(THE TASK)
What you return must match the listing exactly, with every image removed.

(THE DATA)
--------------------------------------------------
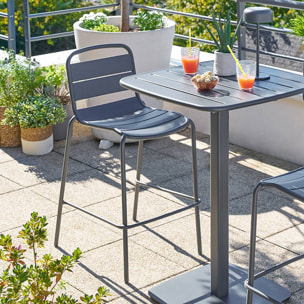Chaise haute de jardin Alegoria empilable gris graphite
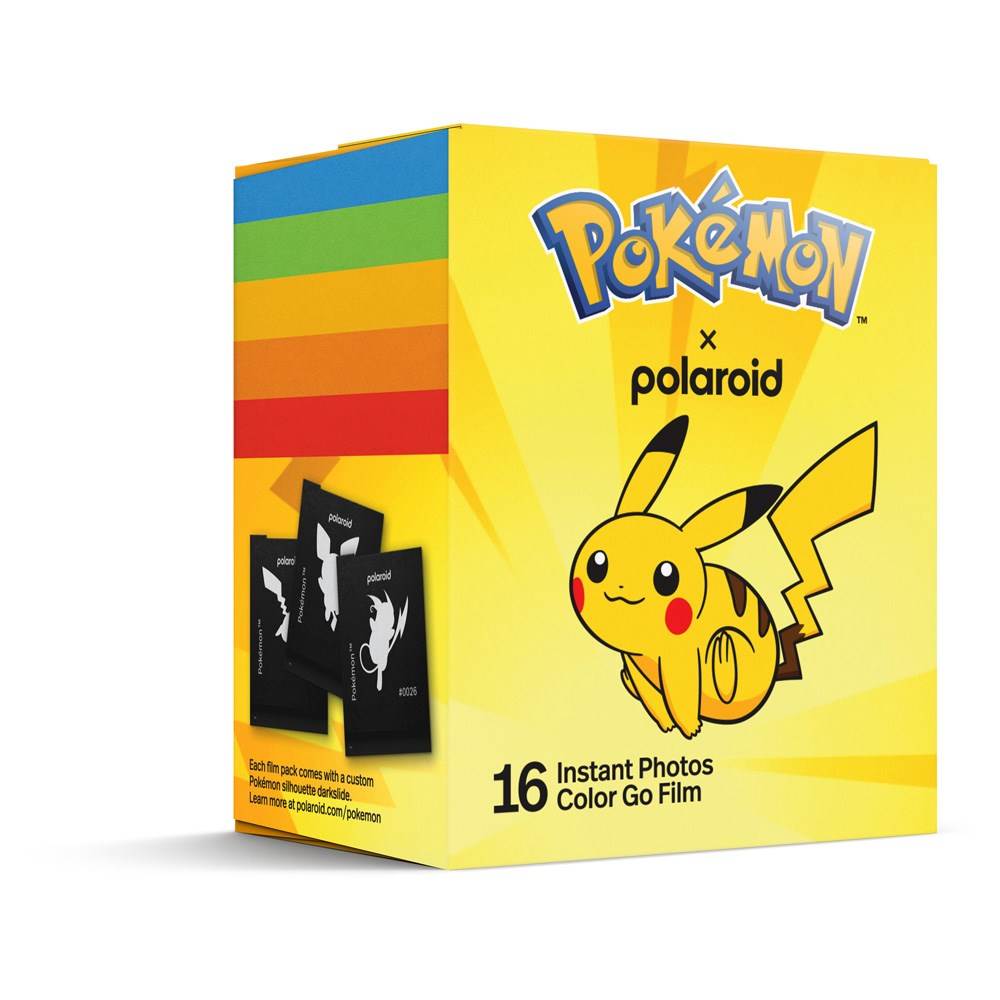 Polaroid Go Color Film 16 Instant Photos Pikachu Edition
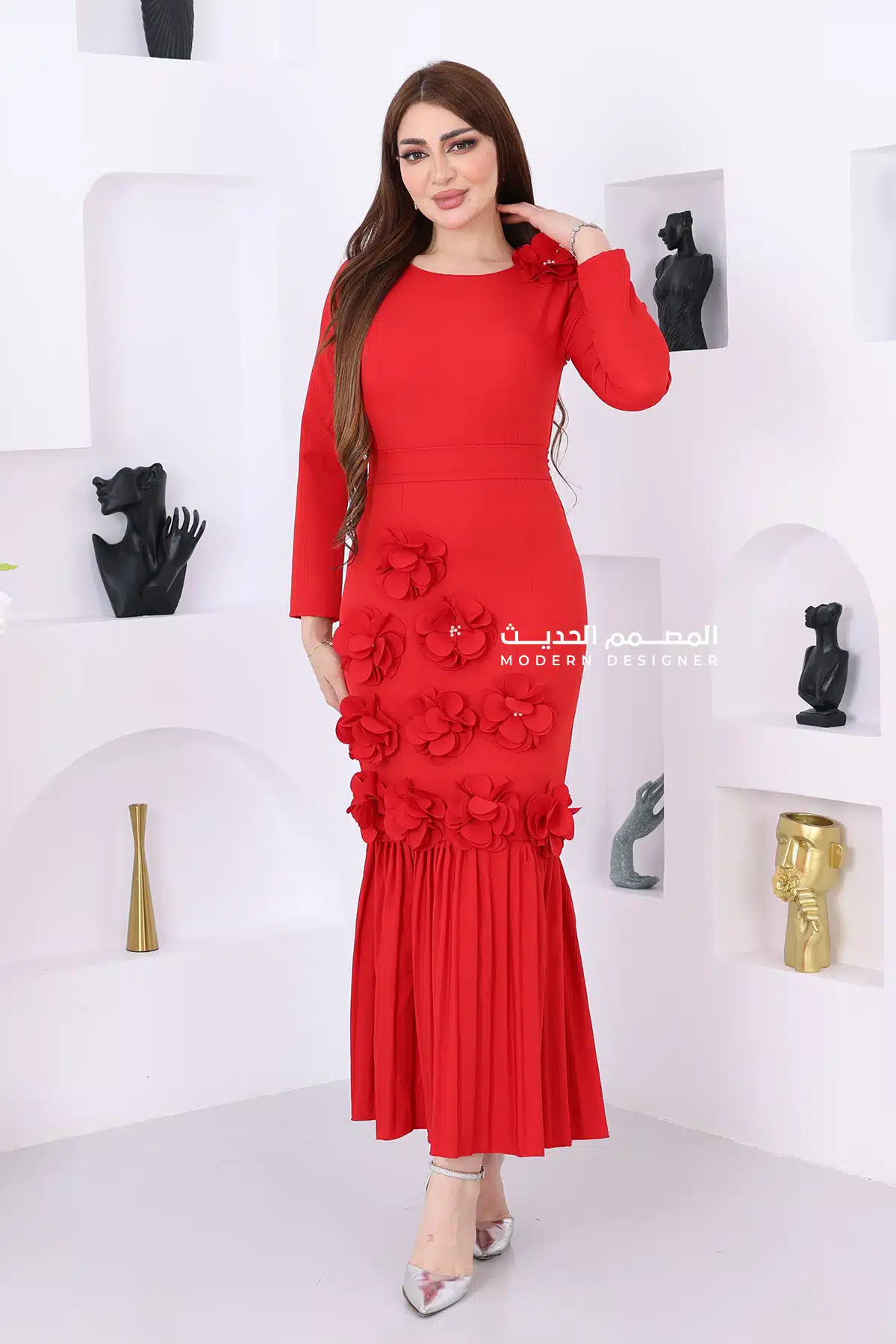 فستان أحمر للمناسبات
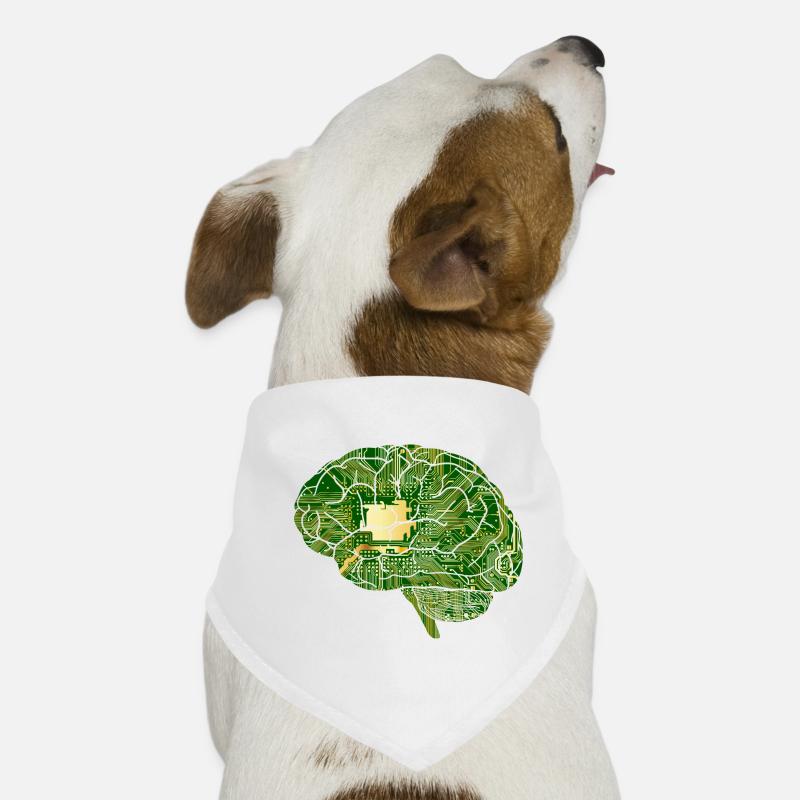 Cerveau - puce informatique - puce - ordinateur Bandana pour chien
--------------------------------------------------
(EXPECTED ANSWER)
Chaise haute de jardin Alegoria empilable gris graphite
 Polaroid Go Color Film 16 Instant Photos Pikachu Edition
 فستان أحمر للمناسبات
 Cerveau - puce informatique - puce - ordinateur Bandana pour chien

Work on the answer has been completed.